Al fin aparece limpio el cielo. Los últimos
días el aire estaba turbio, oscurecido por un velo de bruma: nubes de polvo en
suspensión, arena venida de muy lejos, contaminación humana. Era fácil imaginarse dentro de una
tormenta en el desierto, sentir casi la lija de la arena en la saliva.
Calima. Hay que pronunciar esta palabra despacio, saboreándola, dejándose llevar por el suave balanceo (abierta/cerrada/abierta) de las vocales. (¡Ah esa querida y diáfana apoyatura vocálica castellana que tanto echamos de menos en otros idiomas!).
Calima, una
palabra muy bien construida, armónica. Sus consonantes nos invitan a un viaje
fónico que va desde el oscuro velo del paladar, pasando por el cielo de la boca para llegar a los labios. Una
palabra que va buscando la luz. Si
fuéramos conscientes de la complejísima habilidad muscular necesaria para pronunciar cada
uno de los sonidos que forman una simple frase, nos daríamos cuenta de hasta
qué punto somos virtuosos instrumentistas que, tras un sofisticado aprendizaje del que no somos conscientes, hemos llegado a dominar con maestría las cuerdas, el viento y la percusión.
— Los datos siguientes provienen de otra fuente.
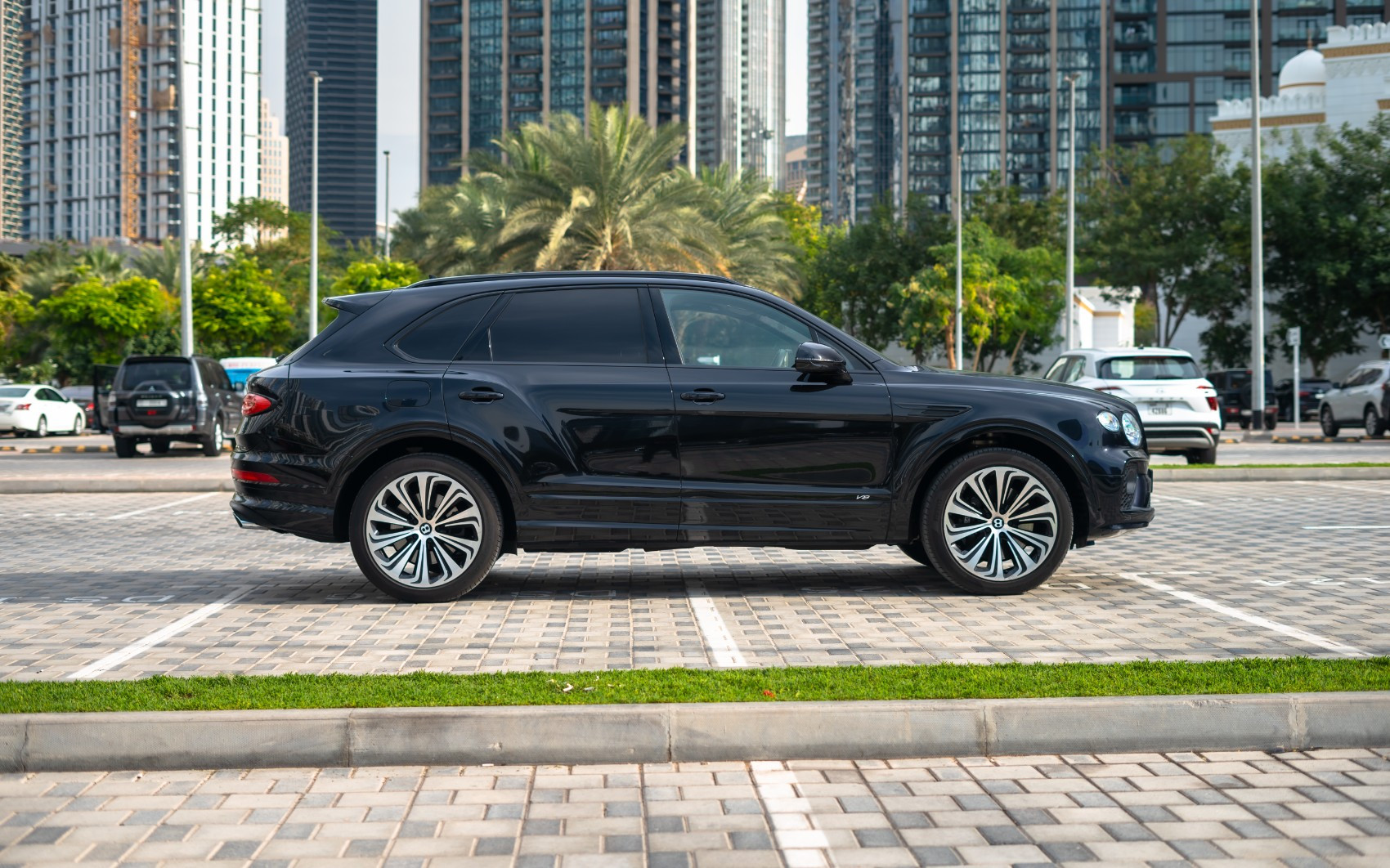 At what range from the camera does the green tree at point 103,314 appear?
5481 cm

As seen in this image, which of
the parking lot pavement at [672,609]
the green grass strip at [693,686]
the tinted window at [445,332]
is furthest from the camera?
the tinted window at [445,332]

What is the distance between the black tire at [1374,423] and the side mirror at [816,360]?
25.7 metres

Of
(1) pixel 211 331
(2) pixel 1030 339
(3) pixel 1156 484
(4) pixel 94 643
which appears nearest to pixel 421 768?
(4) pixel 94 643

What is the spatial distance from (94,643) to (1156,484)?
13434 millimetres

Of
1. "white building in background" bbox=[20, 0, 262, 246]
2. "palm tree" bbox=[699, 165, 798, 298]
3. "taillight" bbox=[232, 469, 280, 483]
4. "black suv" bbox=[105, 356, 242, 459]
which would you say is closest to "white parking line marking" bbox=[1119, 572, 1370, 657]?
"taillight" bbox=[232, 469, 280, 483]

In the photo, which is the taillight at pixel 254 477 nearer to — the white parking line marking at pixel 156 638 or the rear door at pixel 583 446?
the white parking line marking at pixel 156 638

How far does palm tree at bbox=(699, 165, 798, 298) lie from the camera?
38125mm

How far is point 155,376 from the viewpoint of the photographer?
82.3ft

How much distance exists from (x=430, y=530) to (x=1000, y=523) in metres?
3.21

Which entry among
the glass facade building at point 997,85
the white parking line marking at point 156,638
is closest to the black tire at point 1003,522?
the white parking line marking at point 156,638

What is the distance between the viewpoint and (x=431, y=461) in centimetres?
775

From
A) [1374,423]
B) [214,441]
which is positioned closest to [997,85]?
[1374,423]

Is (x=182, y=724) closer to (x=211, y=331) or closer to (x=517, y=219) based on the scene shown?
(x=517, y=219)

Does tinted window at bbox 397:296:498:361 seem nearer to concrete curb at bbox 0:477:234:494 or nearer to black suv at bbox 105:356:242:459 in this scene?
concrete curb at bbox 0:477:234:494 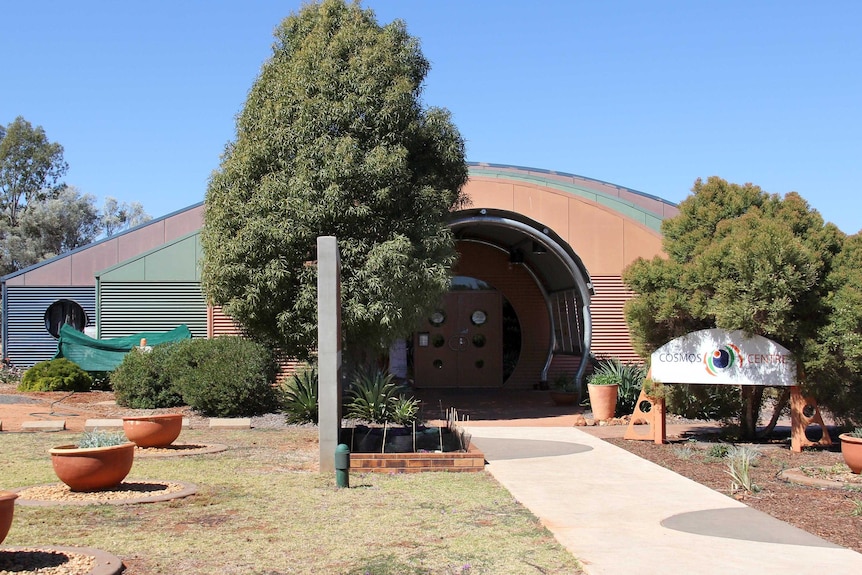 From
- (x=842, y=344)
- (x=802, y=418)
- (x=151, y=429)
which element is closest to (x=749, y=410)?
(x=802, y=418)

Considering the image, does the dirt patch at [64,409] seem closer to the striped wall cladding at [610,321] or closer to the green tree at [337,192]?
the green tree at [337,192]

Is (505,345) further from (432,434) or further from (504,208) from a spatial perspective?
(432,434)

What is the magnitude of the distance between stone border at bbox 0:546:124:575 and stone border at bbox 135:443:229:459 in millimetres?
5303

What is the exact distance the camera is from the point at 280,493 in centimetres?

Calima. Siempre me imagino esta palabra (tan próxima a la calma) escrita en alfabeto griego. Pero tiene un origen confuso, también ella contaminada por la bruma de la etimología, y es uno de esos vocablos en los que lo caliginoso del significado pugna con la belleza del significante. Como esos seres en que su hermosa apariencia esconden un desagradable mensaje.